Home / Health / Common Preservatives May Harm Your Heart
Common Preservatives May Harm Your Heart
21 May
Summary
- Preservatives linked to 29% higher blood pressure.
- Some additives raised heart attack risk by 16%.
- Natural antioxidants like vitamin C also showed risk.

Common food preservatives are now linked to a notable increase in cardiovascular risks, according to a recent study from France. Researchers found that preservatives commonly used to prevent bacterial and mold growth were associated with a 29% greater risk of elevated blood pressure and a 16% higher risk of heart attacks and strokes.
Even widely used antioxidant preservatives like citric acid and ascorbic acid (vitamin C) were linked to a 22% increased risk of high blood pressure. The study emphasizes that while these antioxidants occur naturally in fruits, their chemical additive forms may have different health impacts. This research highlights individual preservatives' roles in cardiovascular risk, moving beyond the broader category of ultra-processed foods.

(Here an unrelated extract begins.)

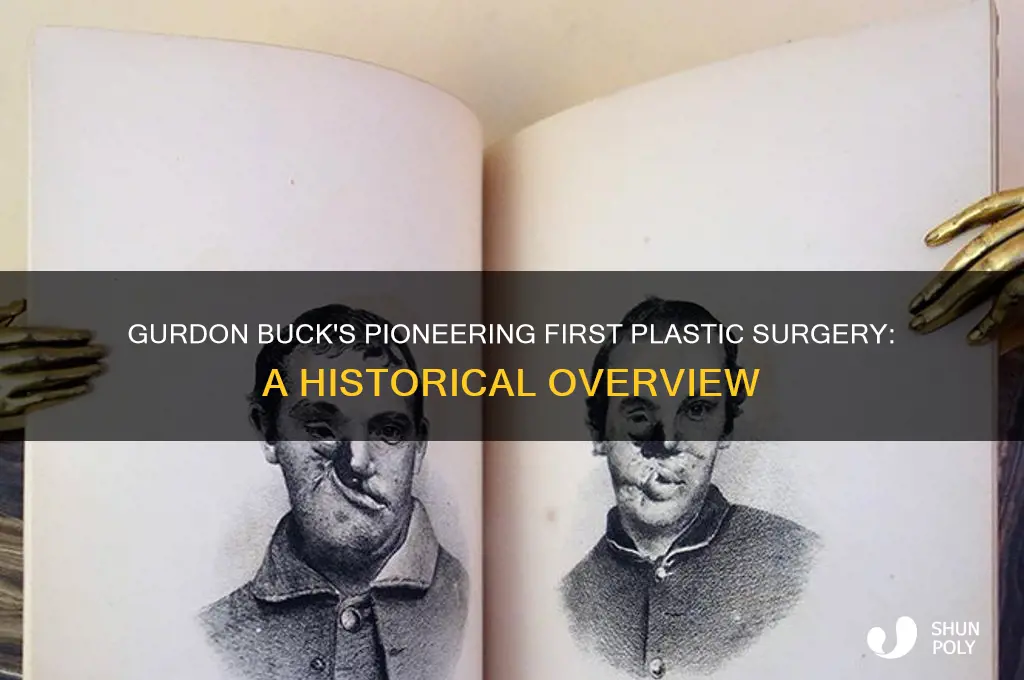 when did gurdon buck do his first plastic surgery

The study, published in the European Heart Journal, analyzed data from over 112,000 participants in France. It identified eight specific preservatives associated with higher blood pressure over a decade, including non-antioxidants like potassium sorbate, potassium metabisulphite, and sodium nitrite, as well as antioxidants like citric acid and ascorbic acid.
These findings echo previous research by the same team linking similar preservatives to increased risks of cancer and type 2 diabetes. While the study is observational, its robust methodology in assessing diet and health outcomes provides strong signals warranting further investigation into the impact of food additives on public health.